= Beginning of Section =
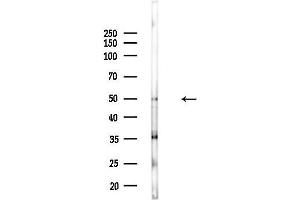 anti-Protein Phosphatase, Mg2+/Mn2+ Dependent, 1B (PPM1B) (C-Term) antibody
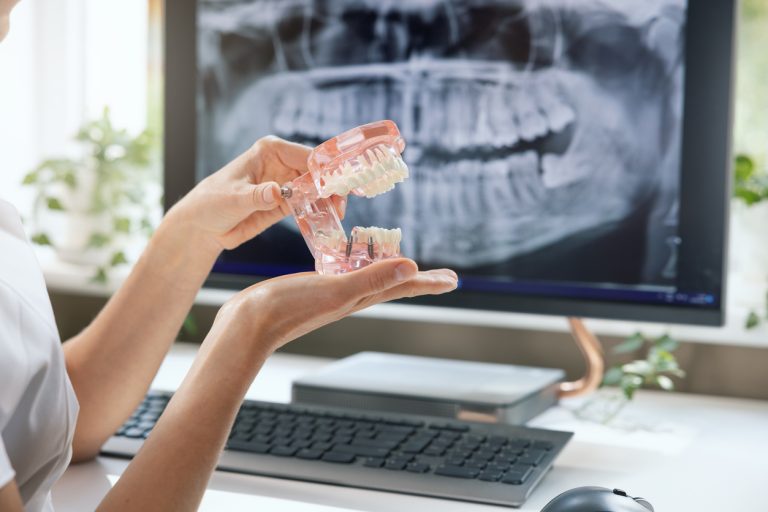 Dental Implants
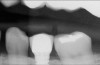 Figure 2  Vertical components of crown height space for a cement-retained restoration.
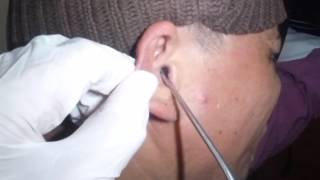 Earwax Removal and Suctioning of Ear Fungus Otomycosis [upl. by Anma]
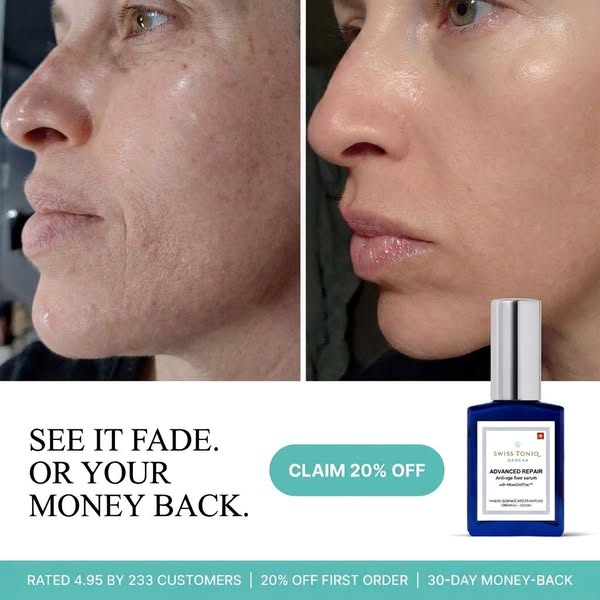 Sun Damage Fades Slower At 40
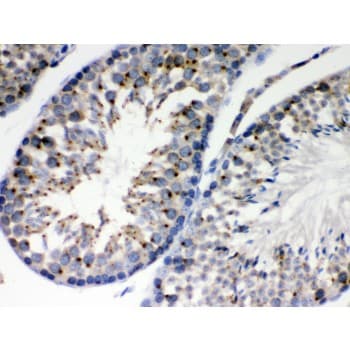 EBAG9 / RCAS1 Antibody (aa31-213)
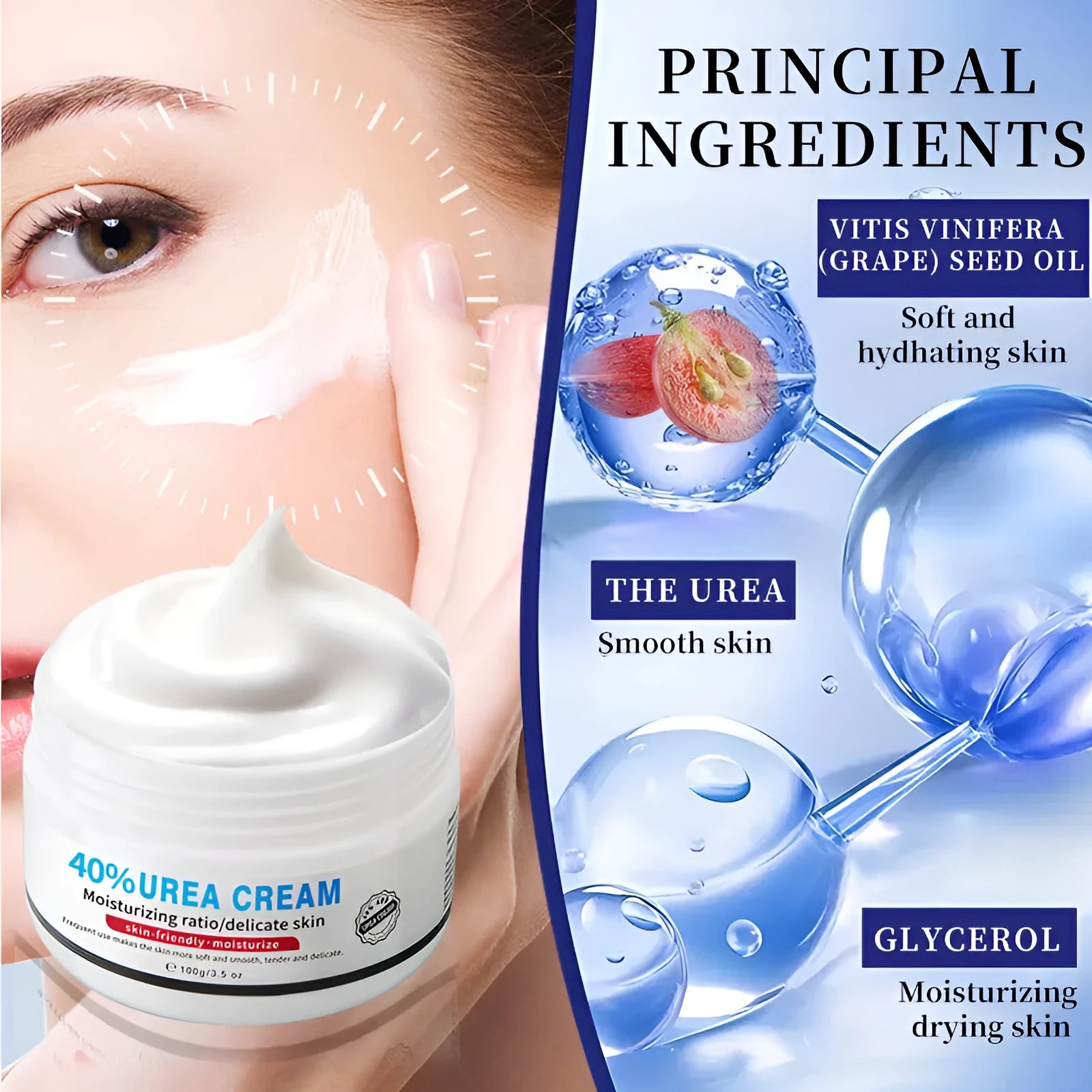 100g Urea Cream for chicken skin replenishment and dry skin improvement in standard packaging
= End of Section =
> [EXERCISE BRIEF]: Beginning with the line that bears "Earwax Removal and", output each line through the last line of the listing exactly, and no others; skip the pictures.

> [COMPLETED TASK]:
 Earwax Removal and Suctioning of Ear Fungus Otomycosis [upl. by Anma]
 Sun Damage Fades Slower At 40
 EBAG9 / RCAS1 Antibody (aa31-213)
 100g Urea Cream for chicken skin replenishment and dry skin improvement in standard packaging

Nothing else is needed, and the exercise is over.